* _WHAT YOU SHOULD DO_
For this exercise, retype the lines from the one that holds "this 350×262 image." through the one that holds "this 76×75 image." in the records below, both included, exactly and without pictures.

* _DATASET RECORDS_
------------------------------
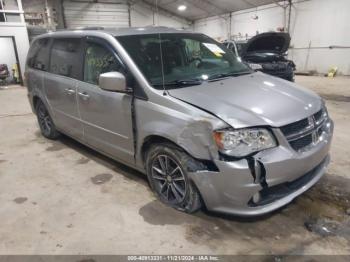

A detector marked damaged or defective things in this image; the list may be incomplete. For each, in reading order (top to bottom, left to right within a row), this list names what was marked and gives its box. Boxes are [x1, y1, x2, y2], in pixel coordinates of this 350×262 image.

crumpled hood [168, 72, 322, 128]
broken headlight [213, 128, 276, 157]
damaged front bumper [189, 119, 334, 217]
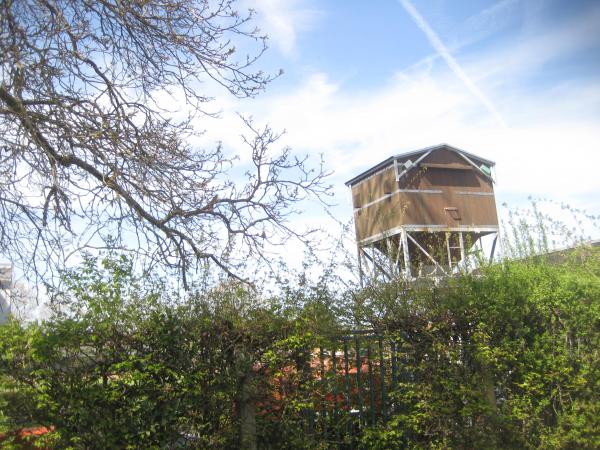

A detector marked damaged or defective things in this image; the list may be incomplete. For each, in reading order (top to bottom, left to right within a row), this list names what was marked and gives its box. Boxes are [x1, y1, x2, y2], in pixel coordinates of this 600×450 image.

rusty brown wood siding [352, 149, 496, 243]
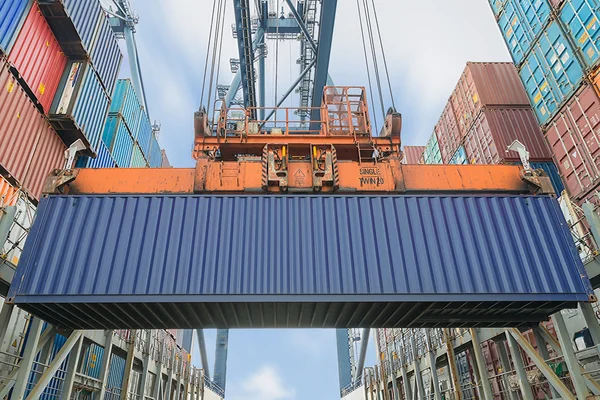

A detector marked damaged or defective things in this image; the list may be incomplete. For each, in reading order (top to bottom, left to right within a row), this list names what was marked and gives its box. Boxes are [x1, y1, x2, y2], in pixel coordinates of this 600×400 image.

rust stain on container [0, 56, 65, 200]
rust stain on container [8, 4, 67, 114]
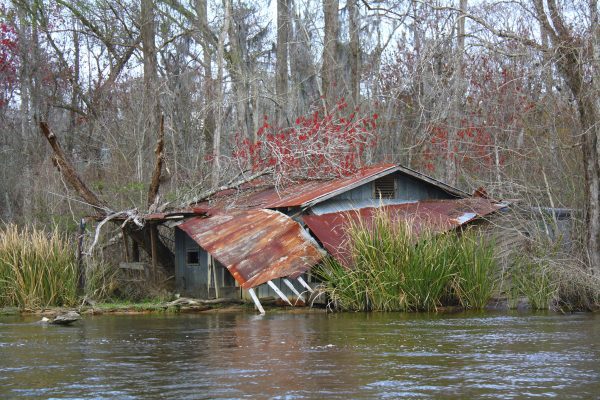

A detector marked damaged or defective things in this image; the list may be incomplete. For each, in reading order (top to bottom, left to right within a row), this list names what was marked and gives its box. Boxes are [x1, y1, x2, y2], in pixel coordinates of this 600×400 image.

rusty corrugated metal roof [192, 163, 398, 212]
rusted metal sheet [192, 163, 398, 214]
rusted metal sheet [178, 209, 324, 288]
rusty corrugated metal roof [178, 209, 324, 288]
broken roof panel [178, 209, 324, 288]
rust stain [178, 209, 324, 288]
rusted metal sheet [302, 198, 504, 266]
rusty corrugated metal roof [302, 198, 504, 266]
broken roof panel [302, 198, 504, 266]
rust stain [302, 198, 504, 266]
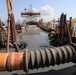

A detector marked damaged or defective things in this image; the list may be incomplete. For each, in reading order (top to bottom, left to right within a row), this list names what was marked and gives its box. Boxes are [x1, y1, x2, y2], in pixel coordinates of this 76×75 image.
------------------------------
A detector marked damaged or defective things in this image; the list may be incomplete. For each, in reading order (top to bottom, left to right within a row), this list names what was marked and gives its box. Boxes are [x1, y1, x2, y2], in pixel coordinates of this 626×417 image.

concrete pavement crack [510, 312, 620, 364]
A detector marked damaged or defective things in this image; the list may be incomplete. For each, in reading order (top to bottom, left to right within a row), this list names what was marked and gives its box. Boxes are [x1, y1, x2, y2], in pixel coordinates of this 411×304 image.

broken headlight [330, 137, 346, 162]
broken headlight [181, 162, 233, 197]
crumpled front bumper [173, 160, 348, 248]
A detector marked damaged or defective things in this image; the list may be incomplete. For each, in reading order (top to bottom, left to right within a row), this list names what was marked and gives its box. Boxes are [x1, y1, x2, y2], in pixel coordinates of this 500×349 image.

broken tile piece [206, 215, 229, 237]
------------------------------
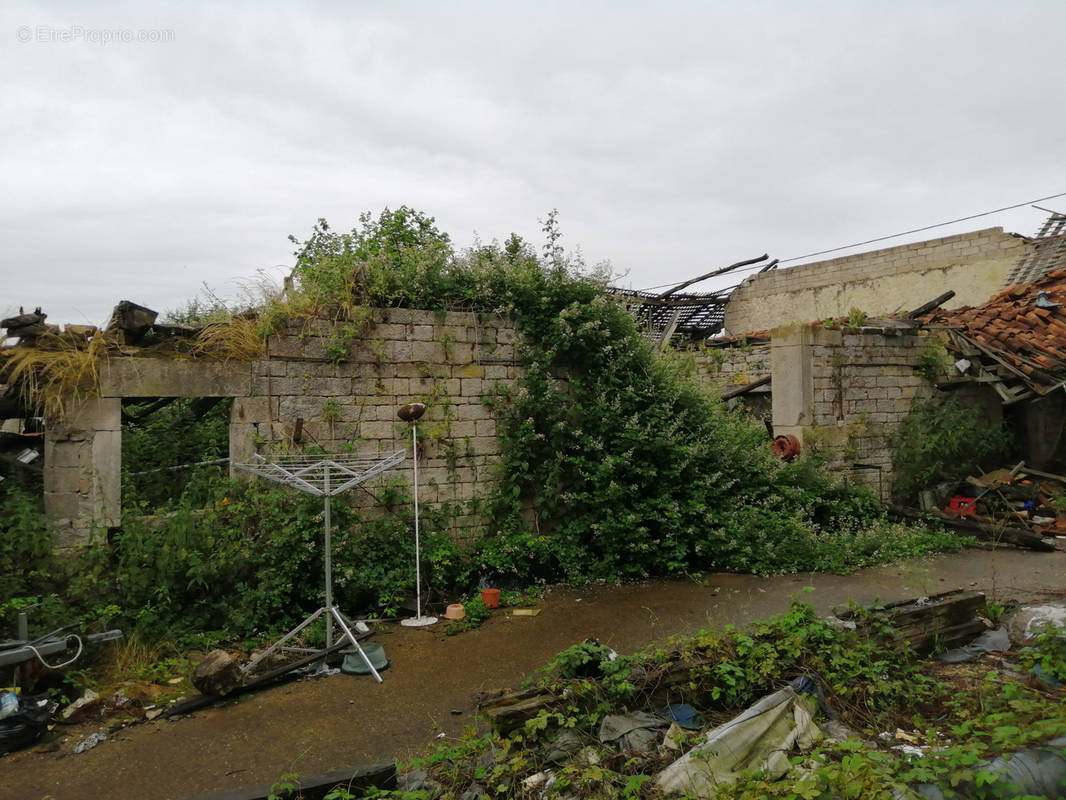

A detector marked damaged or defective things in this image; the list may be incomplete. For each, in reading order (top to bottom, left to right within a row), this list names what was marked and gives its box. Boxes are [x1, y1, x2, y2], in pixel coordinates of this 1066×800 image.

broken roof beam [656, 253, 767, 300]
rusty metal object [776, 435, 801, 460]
------------------------------
* _RESULT FOR THIS EXERCISE_
A detector marked damaged or defective things in this image; the list may be incomplete. For each, in reading order (top to bottom, left to right within a row), this list names what was marked and gives its box. Boxes are [x1, y1, x2, y2], in pixel coordinates of this 350×262 image.

crumpled hood [168, 72, 322, 128]
broken headlight [213, 128, 276, 157]
damaged front bumper [189, 119, 334, 217]

A detector marked damaged or defective things in this image; the list may be incomplete. For each, in reading order (top to bottom, left to right within a row), this list names what was marked and gives its box. Boxes are [x1, y1, x2, y2], in pixel coordinates of this 600×450 image.

rusty brown wood siding [352, 149, 496, 243]

A detector marked damaged or defective things in this image; the list may be incomplete. For each, in reading order (top to bottom, left to right within a row), this list names what was marked and gives its box. Boxes are [x1, y1, x2, y2], in pixel coordinates of this 600×400 image.

rust stain on container [0, 56, 65, 200]
rust stain on container [8, 4, 67, 114]

A detector marked damaged or defective things in this image; the list may be incomplete. For each, in reading order (top to bottom, left to right within a row), this list names what was marked and gives its box. Boxes are [x1, y1, x2, y2], in pixel coordinates of this 600×400 image.

rusty corrugated metal roof [192, 163, 398, 212]
rusted metal sheet [192, 163, 398, 214]
rusted metal sheet [178, 209, 324, 288]
rusty corrugated metal roof [178, 209, 324, 288]
broken roof panel [178, 209, 324, 288]
rust stain [178, 209, 324, 288]
rusted metal sheet [302, 198, 504, 266]
rusty corrugated metal roof [302, 198, 504, 266]
broken roof panel [302, 198, 504, 266]
rust stain [302, 198, 504, 266]

A detector marked damaged or defective things in this image; the list may be incomplete. For each, in reading order (top to bottom, left to right within a row), this list names what was marked and gives its box. Boxes are [x1, y1, x2, y2], in pixel coordinates of this 76×75 image.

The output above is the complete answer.